- **What the exercise asks**
The material below should be copied line for line, please, with pictures omitted.

- **Data**
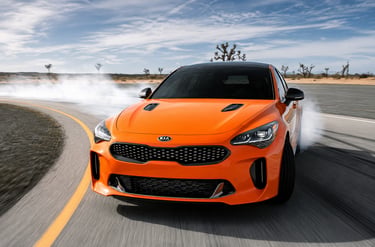 Kia Stinger laranja fazendo drift em pista com fumaça nos pneus.
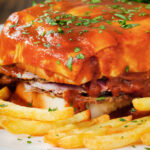 Close-up Portuguese francesinha sandwich served with a beer sauce and crispy French fries.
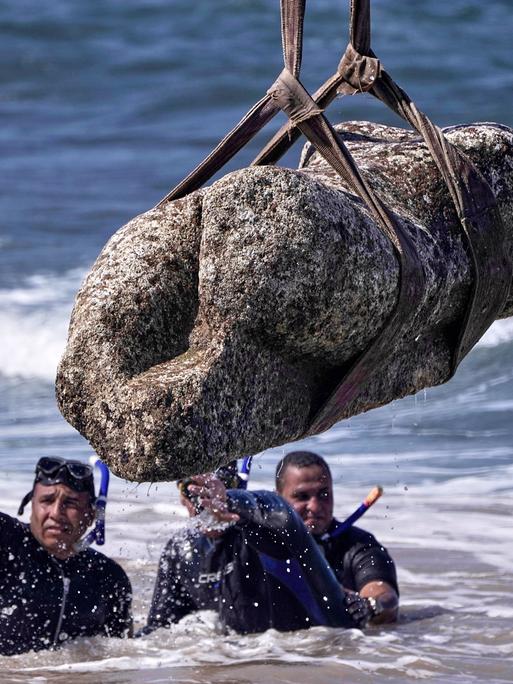 Mehrere Taucher im Wasser. Über ihnen hängt eine Statue an einem Seil.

- **The answer**
 Kia Stinger laranja fazendo drift em pista com fumaça nos pneus.
 Close-up Portuguese francesinha sandwich served with a beer sauce and crispy French fries.
 Mehrere Taucher im Wasser. Über ihnen hängt eine Statue an einem Seil.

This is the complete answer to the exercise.